Hezbollah is working to bolster President Bashar Assad's regime
and its fighters are part of his "killing machine," the U.S. ambassador to the
U.N. said Monday.
"[Hezbollah leader Sayyed Hasan] Nasrallah's fighters are now part of Assad's killing machine and Hezbollah leaders continue to plot with Iran new measures to prop up a murderous and desperate dictator," Susan Rice said during a U.N. Security Council debate on the situation in the Middle East.
Rice also warned of the possibility that the ongoing unrest in Syria will have negative repercussions on other countries, giving Lebanon as an example of a state that is feeling the effects of the conflict.
"No one can deny that Assad's war against the Syrian people now poses real challenges to all of Syria's neighbors, including Lebanon.

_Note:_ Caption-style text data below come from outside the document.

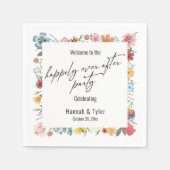 水の色のワイルドフラワー幸いにもパーティー スタンダードカクテルナプキン (正面)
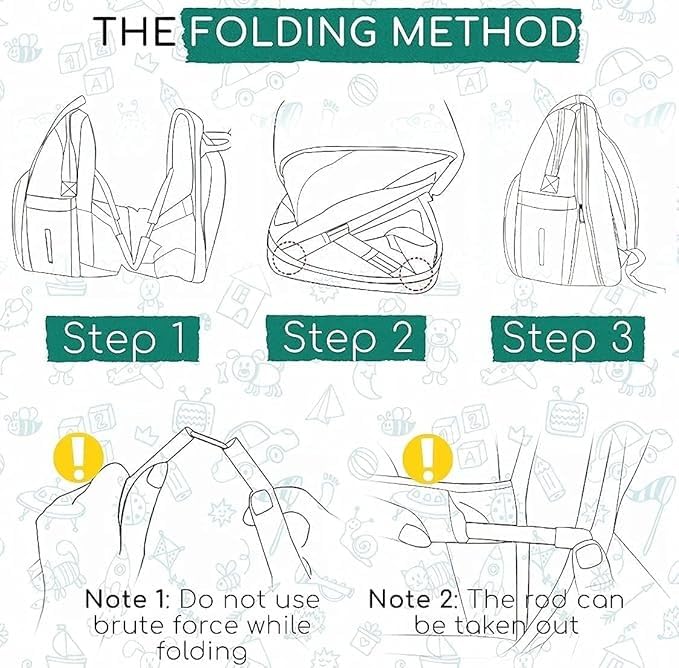 Diaper Bag Backpack with Foldable Baby Bed, Large Capacity Maternity Bag, Waterproof, Insulated Pockets, Changing Pad, Stroller Hooks (Red) - image 5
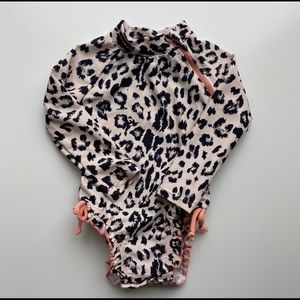 Jessica Simpson Rashguard One Piece Leopard Swim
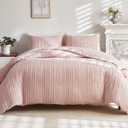 WARMDERN Pink Tufted Duvet Cover Set Queen Size, Striped Textured Duvet Cover Boho Bedding Set, 3 Pcs Ultra Soft Washed Microfiber Duvet Cover with Zipper Closure (Queen, Pink)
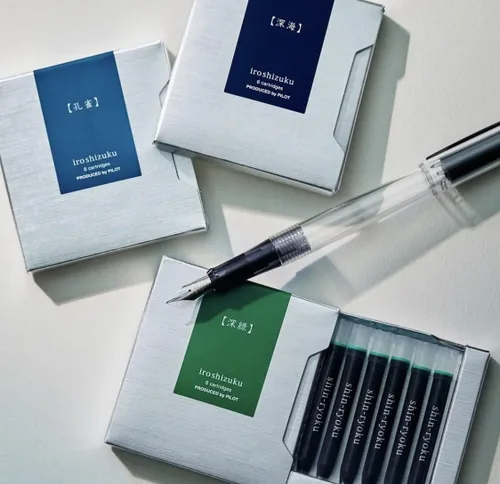 Miniatura 5 de Pilot Iroshizuku - Cartuchos de tinta para pluma estilográfica Shin-Kai (azul oscuro) 6 piezas IRF-6S-SNK con adhesivo Kanji Love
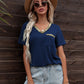 Glitter V-Neck Short Sleeve Tee Shirt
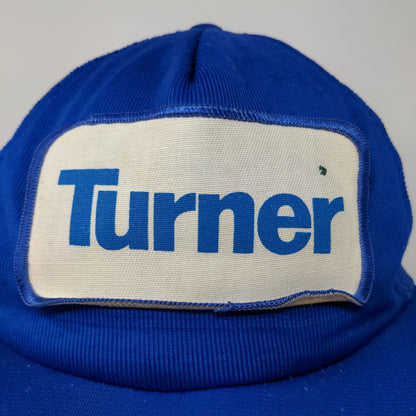 Turner Mens Snapback Mesh Back Trucker Hat Blue Big Patch Logo Cap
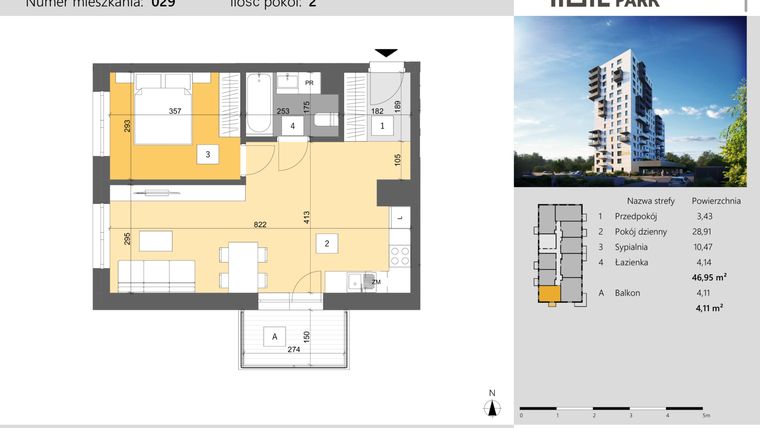Rzut - Mieszkanie na sprzedaż 2 pokoje o powierzchni 46,95 m² - numer 29 w Dworzysko Park - Etap III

From deadly Syrian regime attacks across the border to tens of thousands of refugees, Lebanon is already suffering the consequences of this conflict," she said.
The ambassador also criticized Hezbollah for its use of the term "resistance" to describe itself, calling this deceptive: "Hezbollah's active and growing support for Assad's war exposes Hasan Nasrallah's claims of promoting Lebanon's national interest as nothing more than a deadly form of deception. The group's leaders may try to change the subject by invoking hollow rhetoric about so-called resistance, but the truth is plain to see."
Last week, Nasrallah denied reports that members of his group were fighting alongside Assad's forces, but Rice called on the international community to dig deeper into Hezbollah's involvement in the Syrian conflict.
"We encourage the international community to counter Hezbollah's terrorist activity and do more to expose Hezbollah's deepening involvement in Assad's war," she said, adding that "we commend the Lebanese government -- and the Lebanese Armed Forces in particular -- for maintaining stability and law and order at this critical juncture."
Rice said the U.S. welcomes the efforts of President Michel Sleiman and others to promote dialogue, "including with respect to the disarmament of illegal militias, as called for in U.N. Security Council Resolution 1559, and we reiterate our firm commitment to a stable, sovereign and independent Lebanon."
Jeffrey Feltman, U.N. undersecretary-general for political affairs and former U.S. ambassador to Lebanon, said that Lebanese areas near the border with Syria are still threatened by a possible spillover from Syria.
Feltman told the Security Council that the Syrian conflict is spiraling beyond its border, affecting Lebanon, the [Israeli occupied] Golan Heights, and the Syrian-Turkish border. U.N. chief Ban Ki-moon has expressed his alarm at escalation on the border. Israel's Ambassador to the U.N. Ron Prosor said that by providing Hezbollah with sophisticated arms, Iran is turning Lebanon into an "outpost for terror."
"Iran has provided Hezbollah with the funds, training and advanced weapons to hijack the Lebanese state and transform it into an outpost for terror," Prosor said.
Hezbollah claimed responsibility last week for the launch of an unmanned drone which Israel shot down earlier this month after it flew 55 km into its territory.
Nasrallah said the drone's parts were made in Iran but assembled by Hezbollah, adding that the drone's flight was "not the first time and will not be the last."
Prosor said "one does not need any further evidence that Hezbollah is a direct proxy of the Iranian regime," adding that its "continued provocations could have devastating consequences for the region."
Tensions have increased in the Middle East with Israel threatening to bomb the nuclear sites of Hezbollah's patron Iran.